[Dovecot] Doveadm director flush/remove
I've got a couple more issues with the doveadm director interface:
- If I use "doveadm director remove" to disable a host with active users, the director seems to lose track of users mapped to that host. I guess I would expect it to tear down any active sessions by killing the login proxies, like I'd done 'doveadm direct add HOSTNAME 0 && doveadm director flush HOSTNAME' before removing it? Here's what I see with an active open connection:
[root@cc-popmap7 ~]# doveadm director status brandond Current: 10.142.0.179 (expires 2010-07-14 01:26:14) Hashed: 10.142.0.179 Initial config: 10.142.0.161 [root@cc-popmap7 ~]# doveadm director remove 10.142.0.179 [root@cc-popmap7 ~]# doveadm director status brandond Current: not assigned Hashed: 10.142.0.174 Initial config: 10.142.0.161
- "doveadm director flush" returns the wrong usage:
[root@cc-popmap7 ~]# doveadm director flush doveadm director remove [-a <director socket path>] <host>
- "doveadm director flush" all breaks the ring:
[root@cc-popmap7 ~]# doveadm director flush all Jul 14 01:26:33 cc-popmap7 dovecot: director: Error: Director 10.142.0.180:1234/right disconnected Jul 14 01:26:33 cc-popmap7 dovecot: director: Error: Director 10.142.0.180:1234/left disconnected Jul 14 01:26:33 oh-popmap7 dovecot: director: Error: director(10.142.0.162:1234/left): Invalid HOST-FLUSH args Jul 14 01:26:33 oh-popmap7 dovecot: director: Error: director(10.142.0.162:1234/right): Invalid HOST-FLUSH args
For some reason, flushing a host address only disconnects one side:
[root@cc-popmap7 ~]# doveadm director flush 10.142.0.160 Jul 14 01:28:23 cc-popmap7 dovecot: director: Error: Director 10.142.0.180:1234/right disconnected Jul 14 01:28:23 oh-popmap7 dovecot: director: Error: director(10.142.0.162:1234/left): Invalid HOST-FLUSH args
-Brad
On Wed, 2010-07-14 at 01:39 -0700, Brandon Davidson wrote:
I've got a couple more issues with the doveadm director interface:
- If I use "doveadm director remove" to disable a host with active users, the director seems to lose track of users mapped to that host.
Yes, that's what it was intended to do.
I guess I would expect it to tear down any active sessions by killing the login proxies,
Hmh.. I guess that would be nice, but also a bit annoying to do.

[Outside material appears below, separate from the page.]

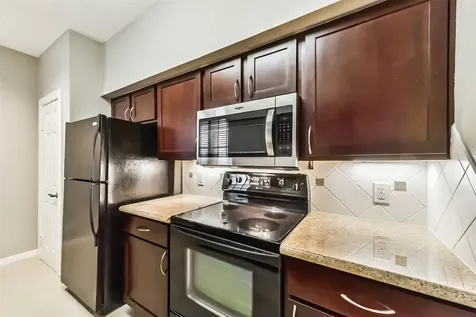 2700 Revere Street 127 Houston TX 77098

It would require each login process to have a connection to director process, and currently there's no such connection (except for the notify fifo, but that's wrong way).
like I'd done 'doveadm direct add HOSTNAME 0 && doveadm director flush HOSTNAME' before removing it?
But that does almost the same thing as remove.
- "doveadm director flush" returns the wrong usage:
Fixed.
- "doveadm director flush" all breaks the ring:
Fixed.
Timo,
-----Original Message----- From: Timo Sirainen [mailto:tss@iki.fi]
Yes, that's what it was intended to do.
OK. I guess I had figured that removing it from the director would also kill any active proxy sessions, but that's obviously not the case.. it just removes the host from the list and any mappings from the hash.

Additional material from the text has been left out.